» **Directions**
After locating the line that contains "Atlantic Zigaretten Blue L Stange" in the data below, set down exactly that line and each one after it through the line that contains "Контроллер учёта рабочего", and nothing more.

+++ Source information +++

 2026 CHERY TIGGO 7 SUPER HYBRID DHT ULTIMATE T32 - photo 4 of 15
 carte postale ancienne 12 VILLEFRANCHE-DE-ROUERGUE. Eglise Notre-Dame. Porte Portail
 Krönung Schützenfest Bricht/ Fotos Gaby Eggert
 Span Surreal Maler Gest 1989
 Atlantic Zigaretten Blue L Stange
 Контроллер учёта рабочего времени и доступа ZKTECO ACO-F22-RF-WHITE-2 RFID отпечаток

+++
+++ Source information +++

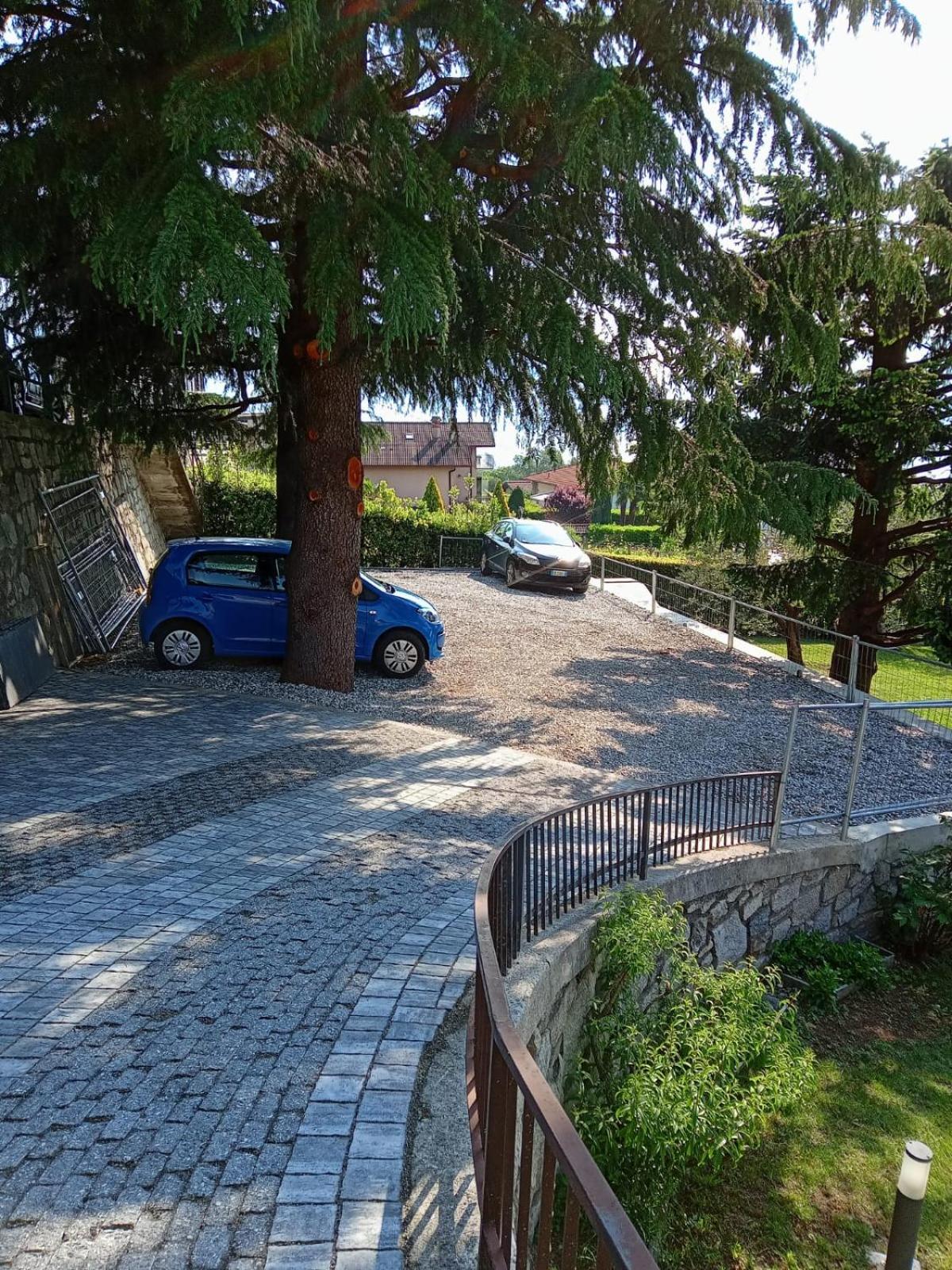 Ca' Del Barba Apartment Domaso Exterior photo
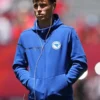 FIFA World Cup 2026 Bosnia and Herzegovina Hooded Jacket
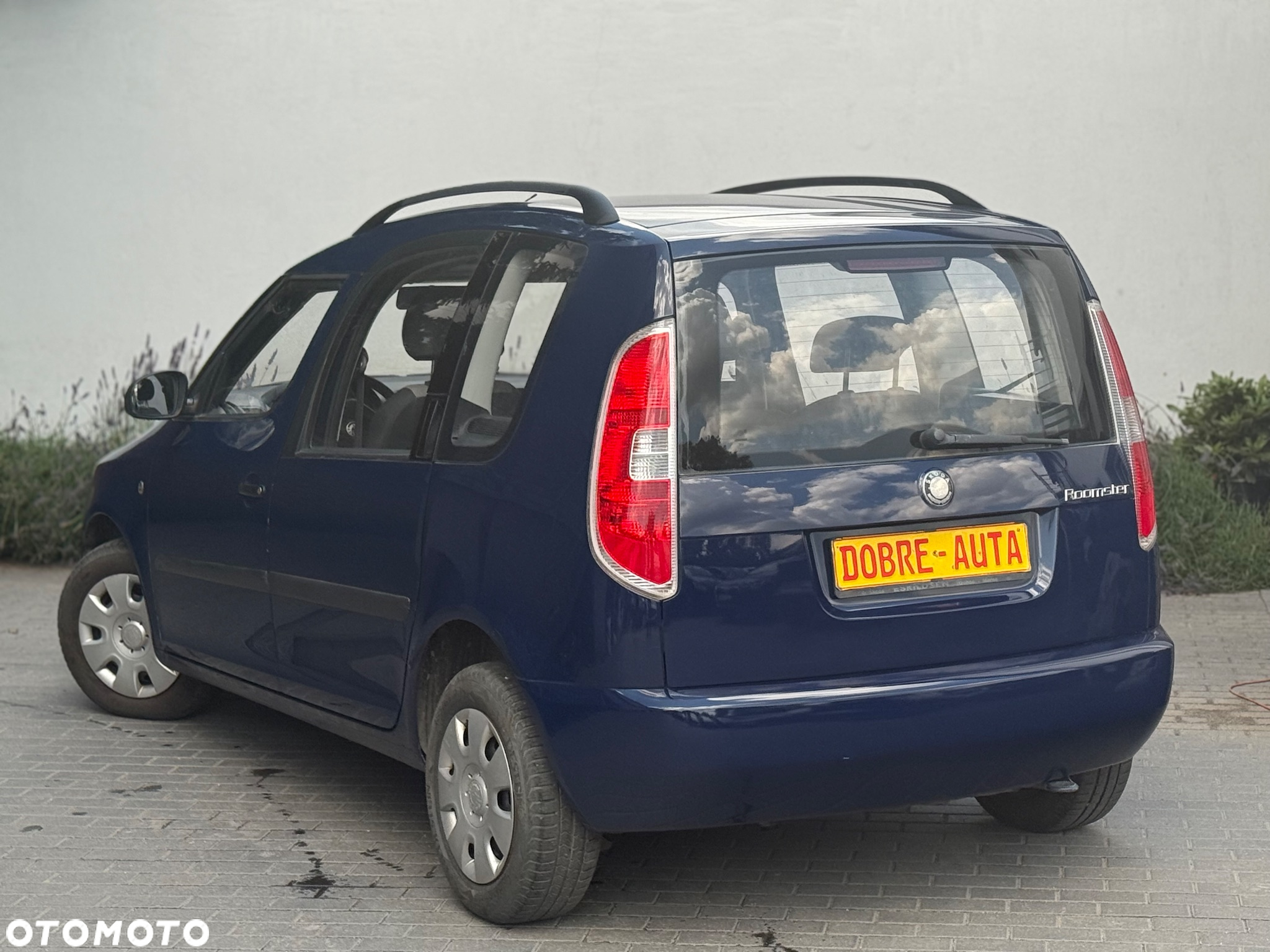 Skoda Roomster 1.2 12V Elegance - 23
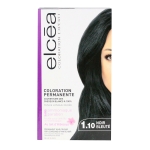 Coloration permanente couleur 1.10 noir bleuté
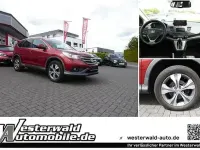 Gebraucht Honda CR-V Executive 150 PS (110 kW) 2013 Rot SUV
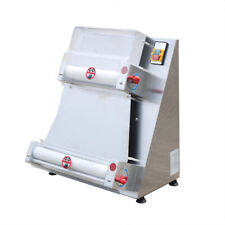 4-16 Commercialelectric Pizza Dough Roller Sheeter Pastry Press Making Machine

+++
+++ Source information +++

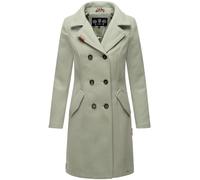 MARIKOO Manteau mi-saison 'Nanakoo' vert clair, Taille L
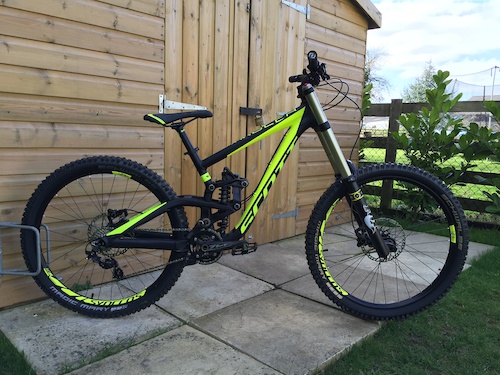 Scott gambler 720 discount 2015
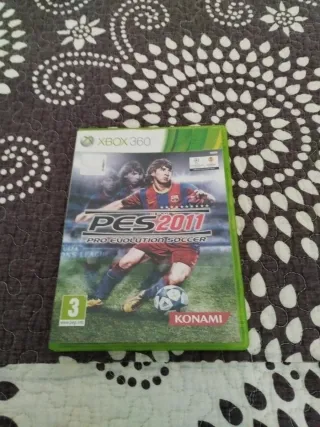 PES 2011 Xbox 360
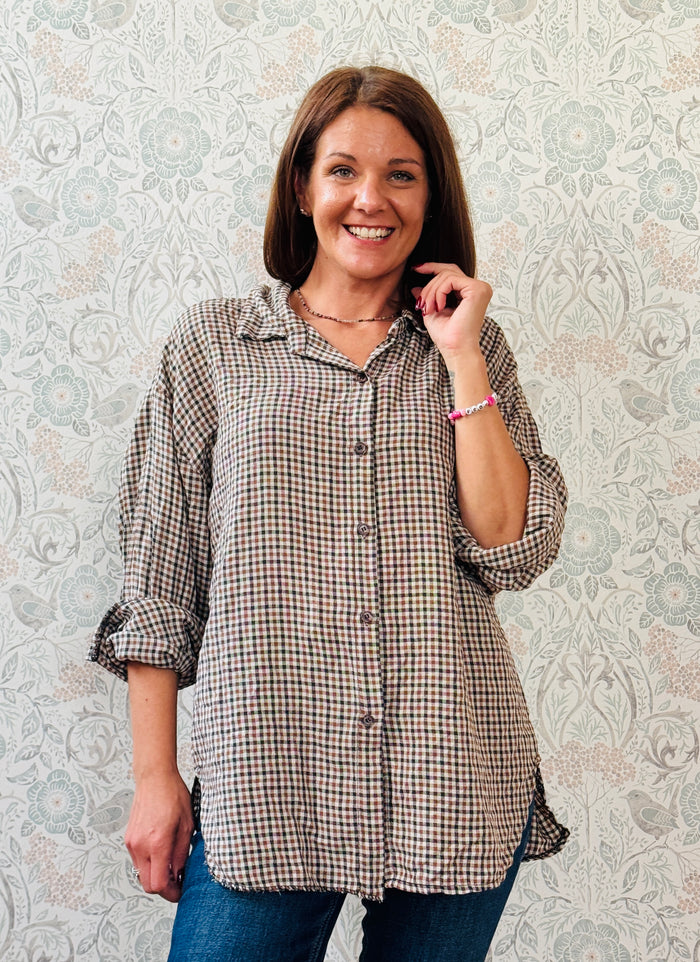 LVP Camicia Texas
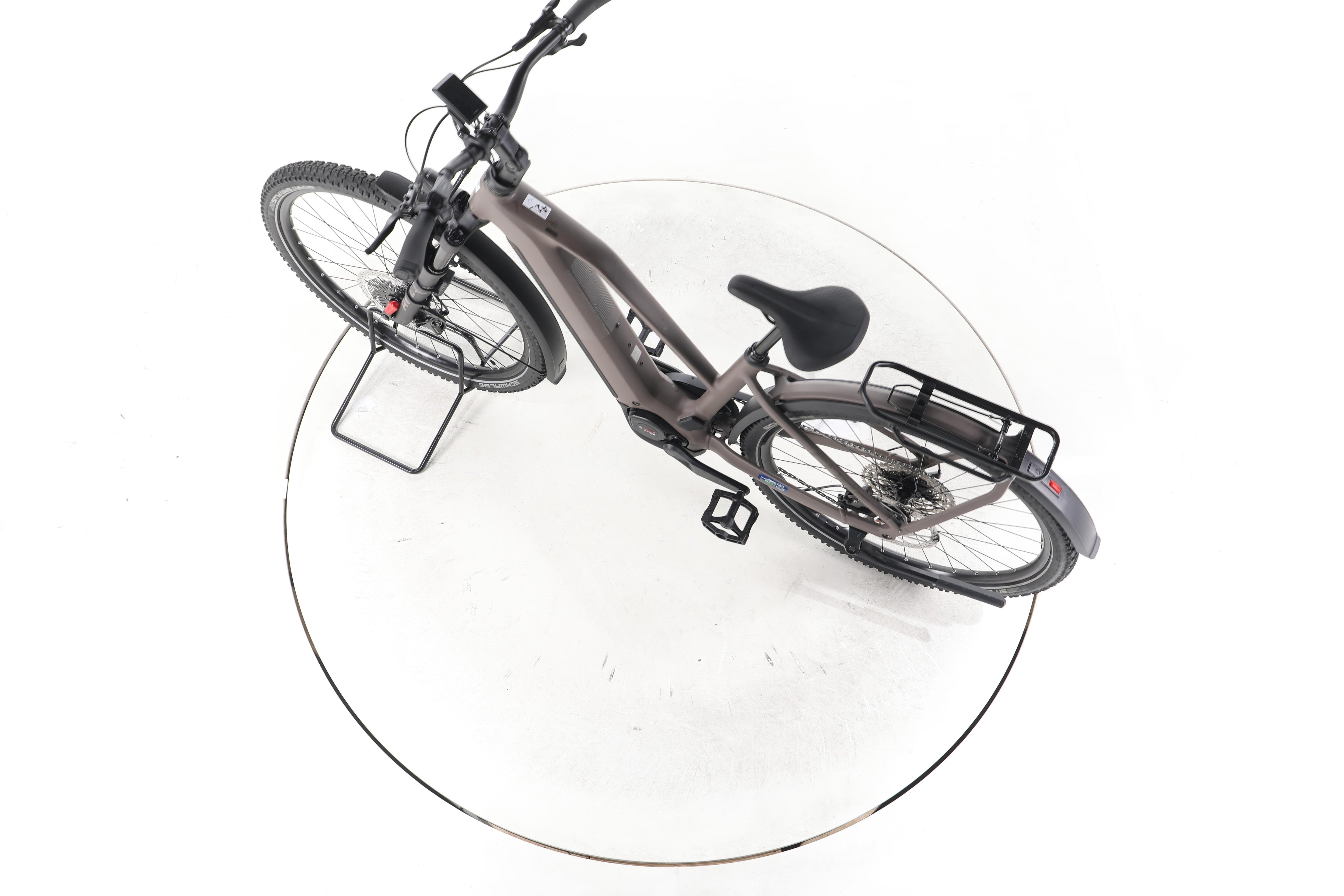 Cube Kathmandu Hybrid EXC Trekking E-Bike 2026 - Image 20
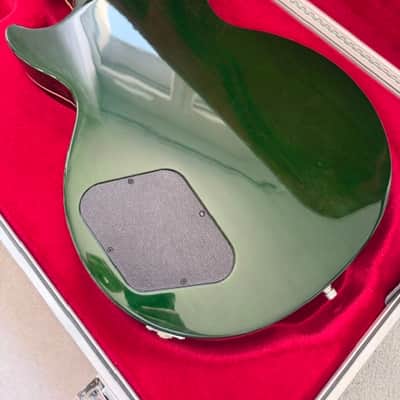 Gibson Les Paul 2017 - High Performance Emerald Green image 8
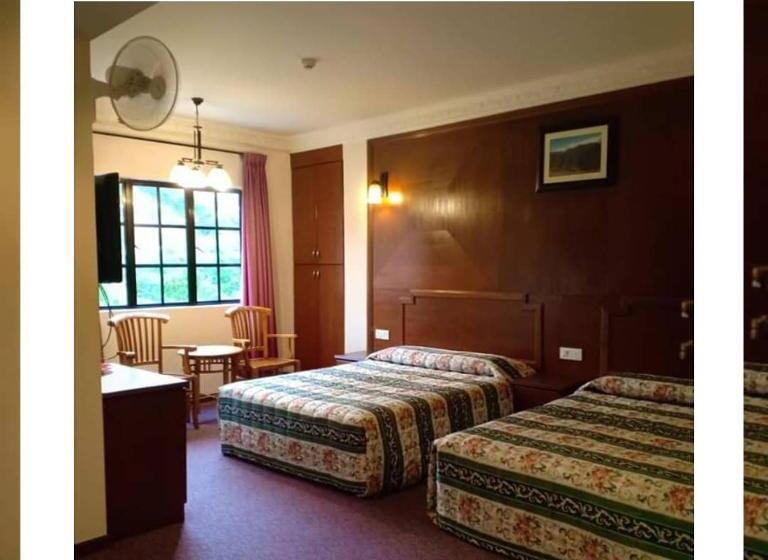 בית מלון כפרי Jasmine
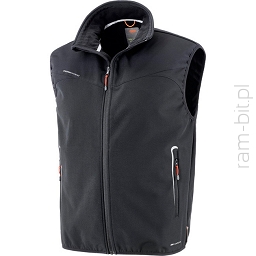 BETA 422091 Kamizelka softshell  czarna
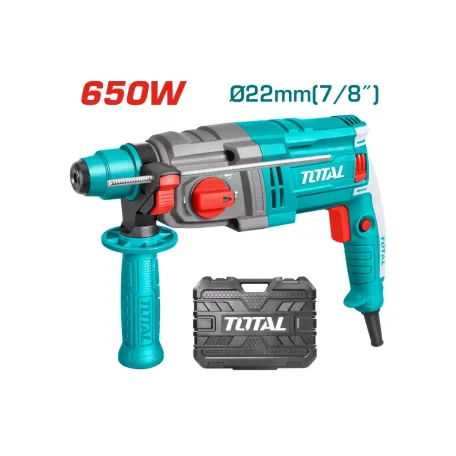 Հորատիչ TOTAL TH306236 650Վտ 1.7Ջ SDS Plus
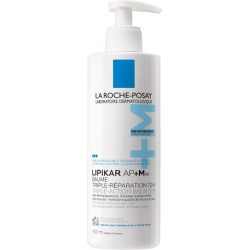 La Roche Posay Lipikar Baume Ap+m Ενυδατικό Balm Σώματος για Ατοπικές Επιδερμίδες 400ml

+++

» **Problem solution**
 Atlantic Zigaretten Blue L Stange
 Контроллер учёта рабочего времени и доступа ZKTECO ACO-F22-RF-WHITE-2 RFID отпечаток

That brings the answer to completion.